The role of interactions and feedbacks between the atmosphere and the surface (oceanic or continental) in the dynamics of the atmosphere is studied at the LMD, relying in particular on coupled modelling at global and regional scales, in idealised or non-idealised mode. Surface/atmosphere interactions are studied in particular to better understand climate variability coupling components of the Earth system with different temporal dynamics, to quantify the role of these interactions on hydrometeorological extremes (precipitation, heat waves and droughts, tropical cyclones and extra-tropical storms). These studies are based on the LMDZ and DYNAMICO atmosphere, NEMO ocean and ORCHIDEE surface models.

This is a very structuring theme at the LMD and is essential for understanding the variability and evolution of the climate system. The study of the atmospheric water cycle, atmospheric convection and cloud formation at the LMD is based on multiple and combined approaches combining in-situ observations (e.g. SIRTA, measurement campaigns) and by spatial remote sensing and modelling including a hierarchy of models of various complexities.

Emissions and transport of atmospheric components (gaseous and particulate) relies on a very strong expertise at the LMD in space observation (e.g. IASI, IASI-NG) and modelling (chemistry-transport model CHIMERE). The topics addressed cover a broad spectrum: urban pollution, long-range plume transport (volcanoes, fires), global atmospheric composition (greenhouse gases, aerosols). en/modelisations/chimere-en/

The laboratory is a key player at the international level and within the IPSL in studies on climate variability and evolution. As a contributor and coordinator in international intercomparison exercises of climate models at global (CMLIP) and regional (CORDEX) scales, the LMD's expertise is largely based on the in-house development of climate models with, at its heart, the LMDZ and DYNAMICO, and the studies conducted at the LMD support the expertise synthesised in the assessment reports (IPCC and similar regional structures, e.g. MedECC).

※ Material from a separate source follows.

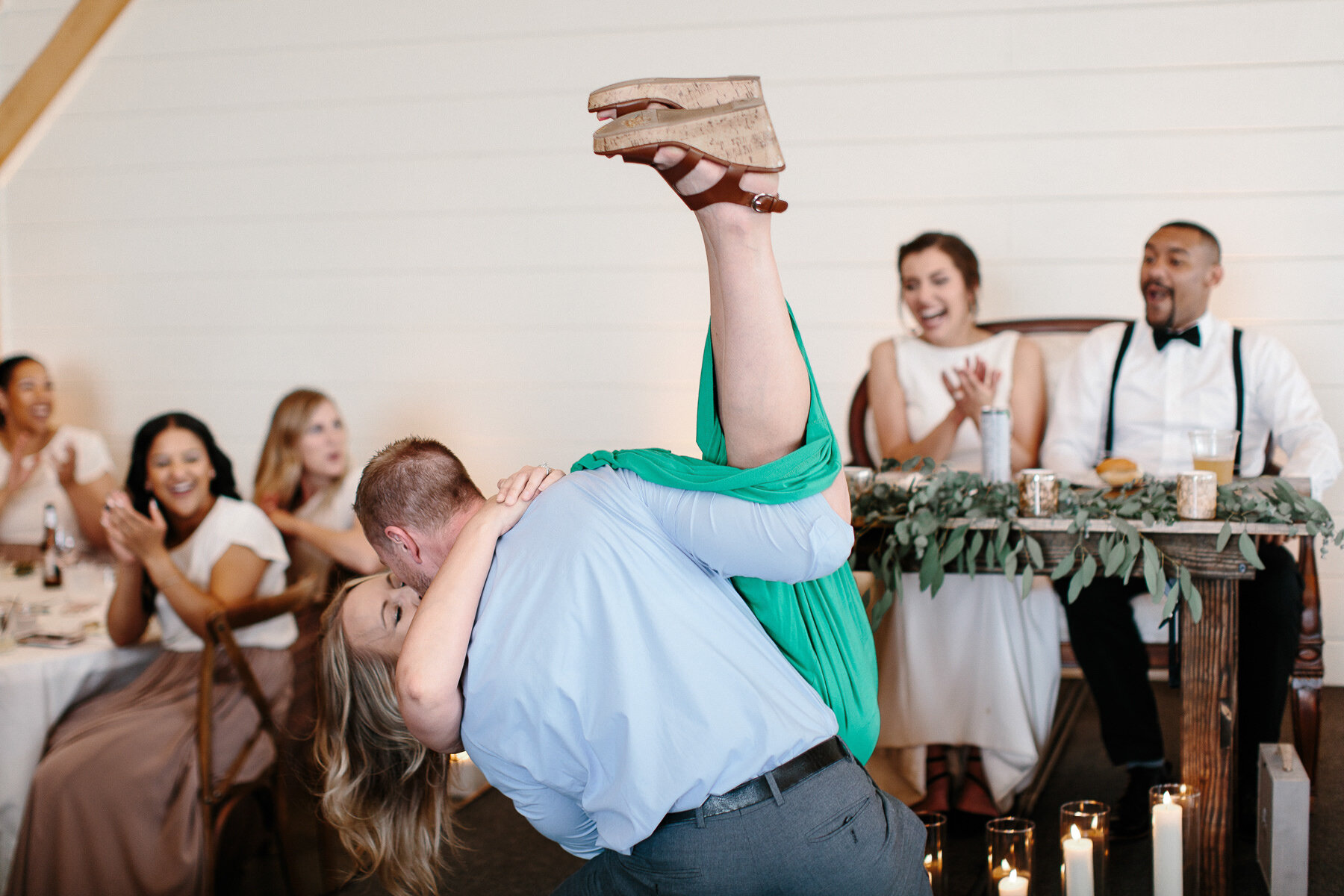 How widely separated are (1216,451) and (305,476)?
2452mm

The expertise and tools developed at the LMD are also used to support impact studies in two sectors: health and energy. The work on health is based on the chemistry-transport model CHIMERE, and focuses on modelling and quantifying the exposure of populations to air pollution. In the energy sector, the LMD's expertise on climate predictability, variability and evolution at regional scales can be translated into terms of predictability, variability and evolution of energy production and consumption and to develop decision-making tools (forecasting with a suite of E4Cast models; integrated climate-energy modelling E4Clim for prospective needs).